Start of PROVIDED DATA

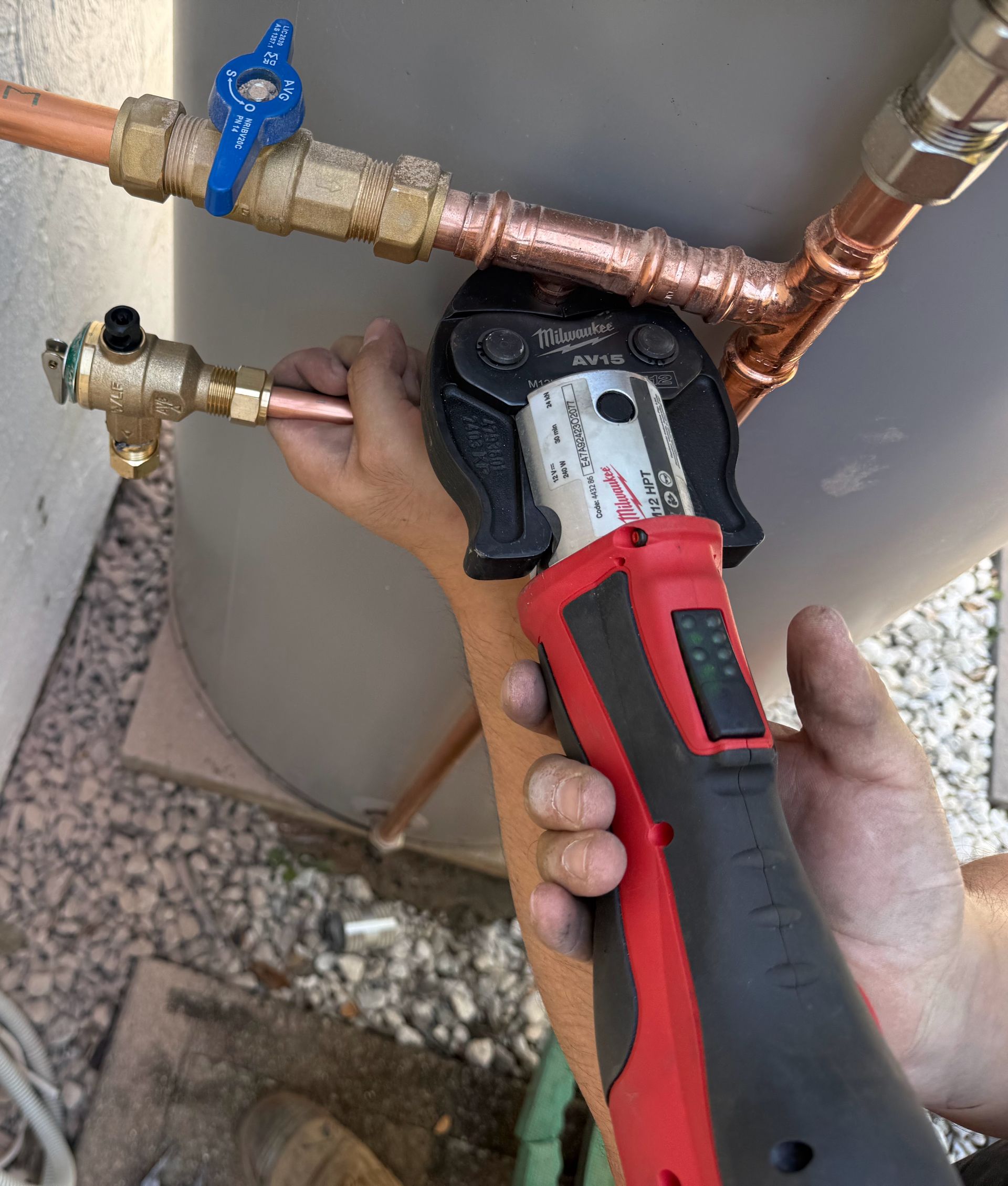 A person using a red and black press tool to connect copper pipes near a water heater. — No. 2 Plumbing In Kenmore, QLD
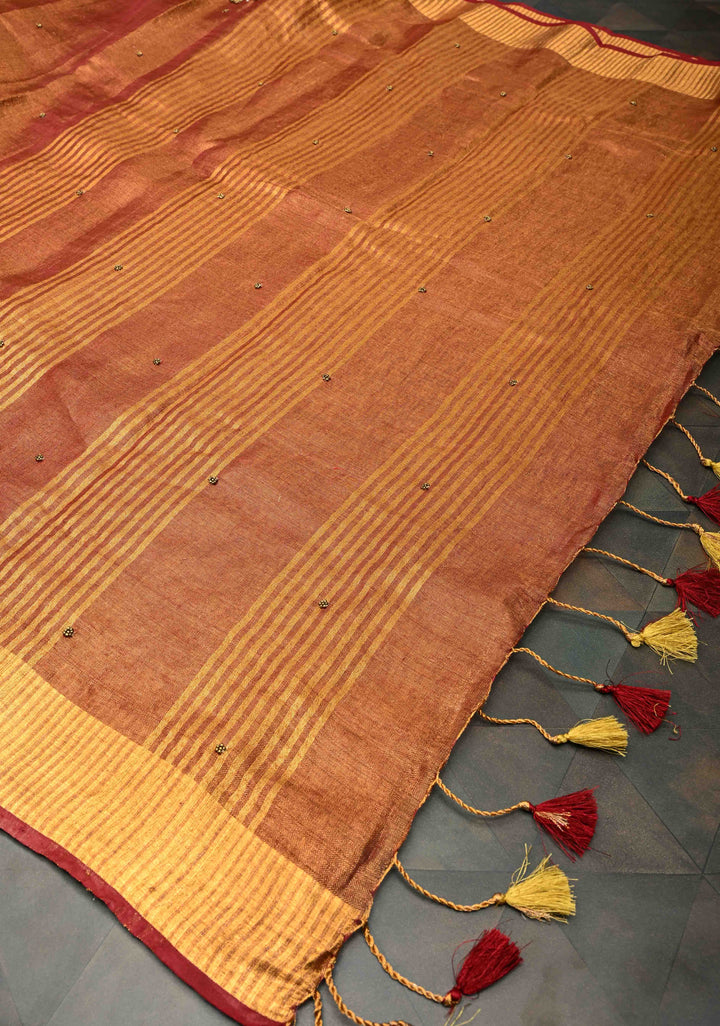 Golden Tissue Linen Saree in Reddish-Brown with Bead Embellishments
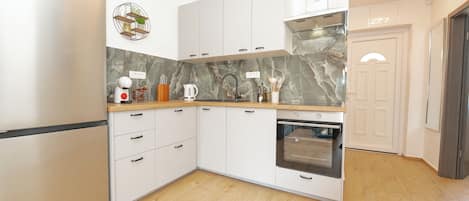 Apartment | Private kitchen | Fridge, oven, stovetop, dishwasher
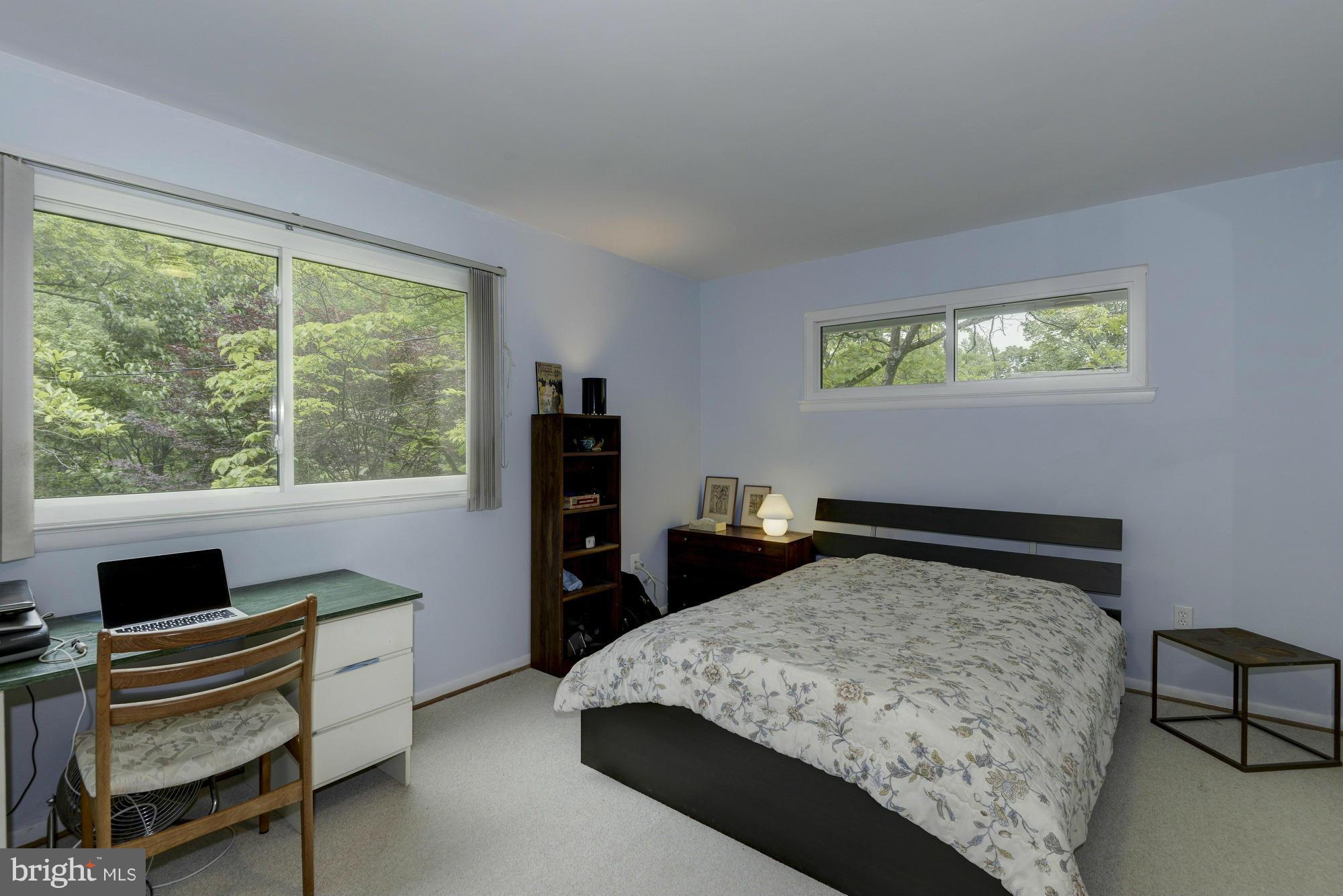 10823 Margate Road Silver Spring, MD 20901 - Photo 20 of 30 a bedroom with a bed and a window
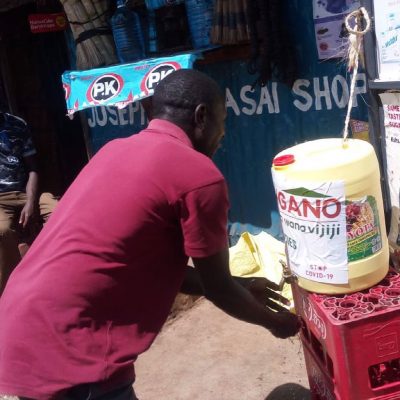 A man in a red t-shirt bends over to wash his hands to prevent the spread of COVID19 at a stand in Kibera Nairobi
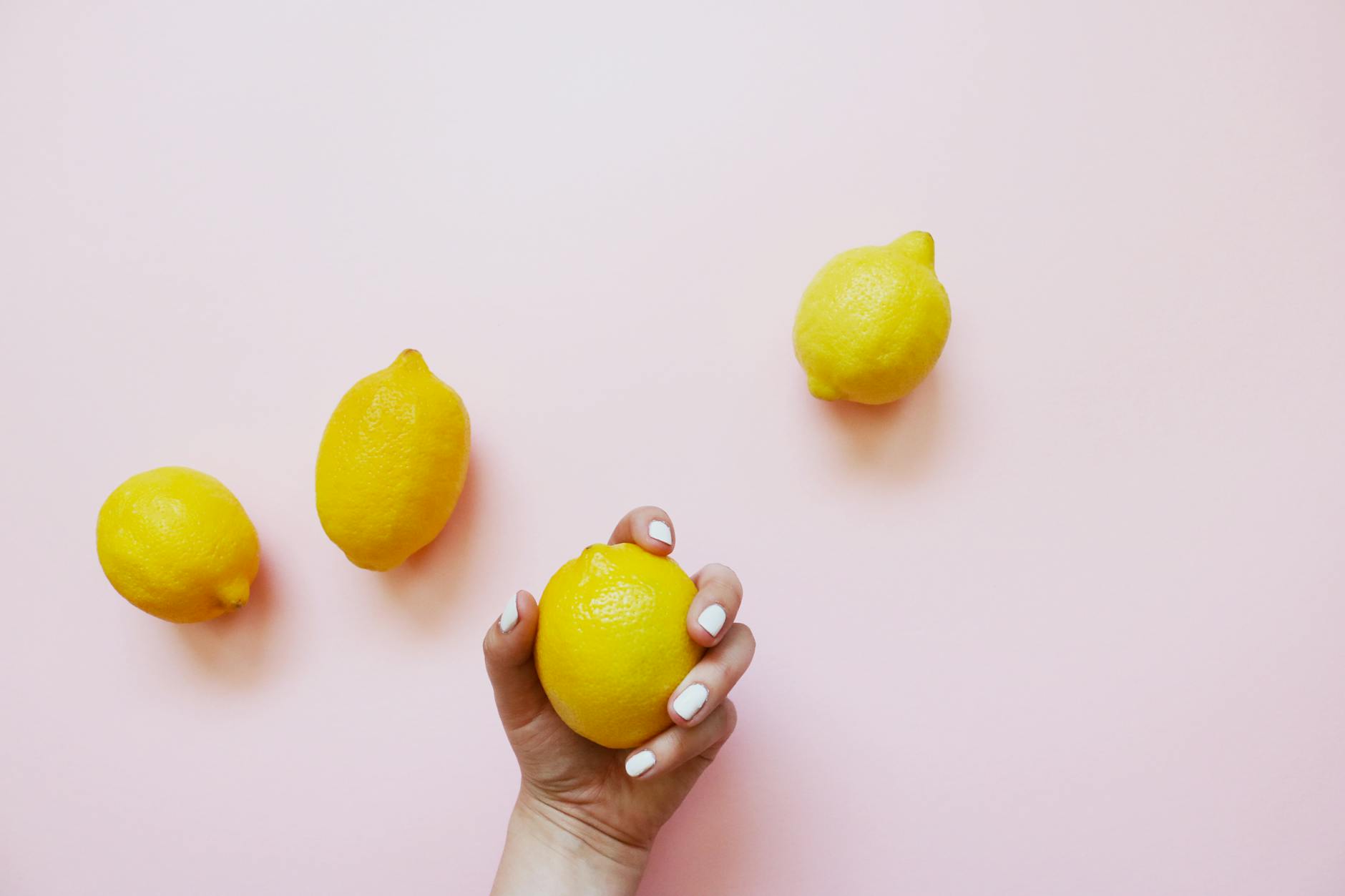 Una mano sostiene un limón fresco sobre un fondo rosa suave, rodeado de tres limones adicionales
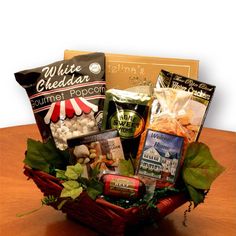 a basket filled with food and snacks on top of a table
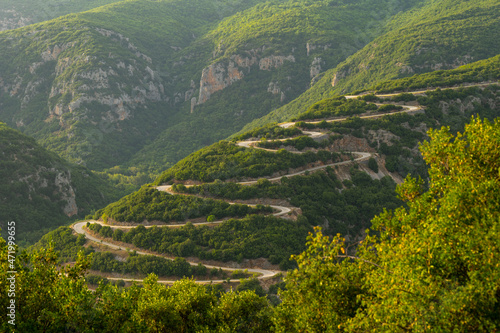 Winding road near Voidomatis River Vikos Gorge National Park, northern area of mainland Greece 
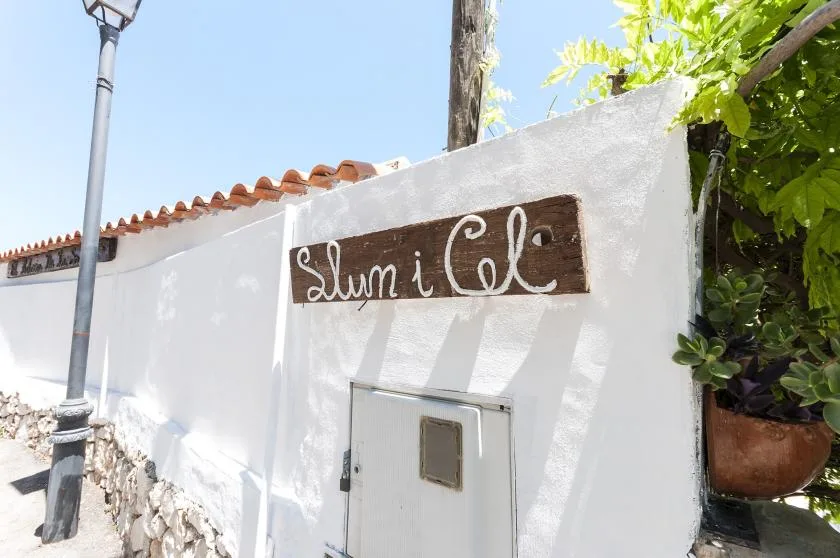 A white exterior wall has a small door beneath a wooden sign.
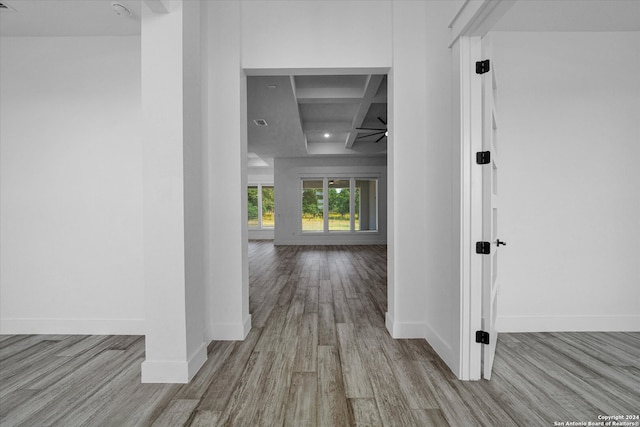 hall with beamed ceiling, coffered ceiling, and light hardwood / wood-style floors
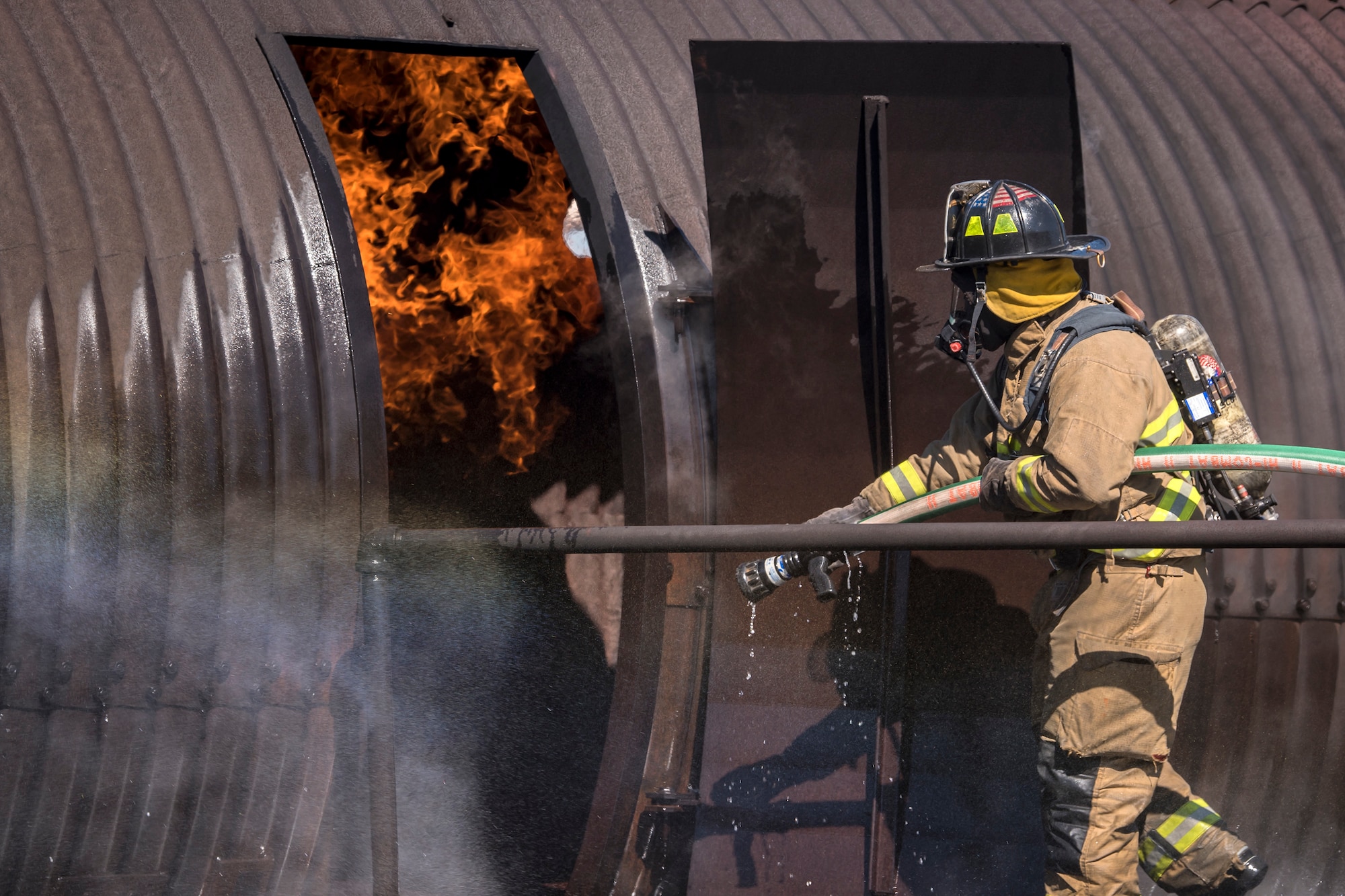 A firefighter from the Valdosta Fire Department (VFD) enters a simulated aircraft during live-fire training, April 25, 2018, at Moody Air Force Base, Ga. Firefighters from the 23d Civil Engineer Squadron and VFD participated in the training to gain more experience fighting aircraft fires and to work together as a cohesive team while still practicing proper and safe firefighting techniques. (U.S. Air Force photo by Airman Eugene Oliver)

End of PROVIDED DATA

TASK BRIEF => Lines from the one containing "A white exterior" through the end of the listing, both included, are to be restated exactly, and pictures are to be left out.

OUTPUT OF THE TASK =>
 A white exterior wall has a small door beneath a wooden sign.
 hall with beamed ceiling, coffered ceiling, and light hardwood / wood-style floors
 A firefighter from the Valdosta Fire Department (VFD) enters a simulated aircraft during live-fire training, April 25, 2018, at Moody Air Force Base, Ga. Firefighters from the 23d Civil Engineer Squadron and VFD participated in the training to gain more experience fighting aircraft fires and to work together as a cohesive team while still practicing proper and safe firefighting techniques. (U.S. Air Force photo by Airman Eugene Oliver)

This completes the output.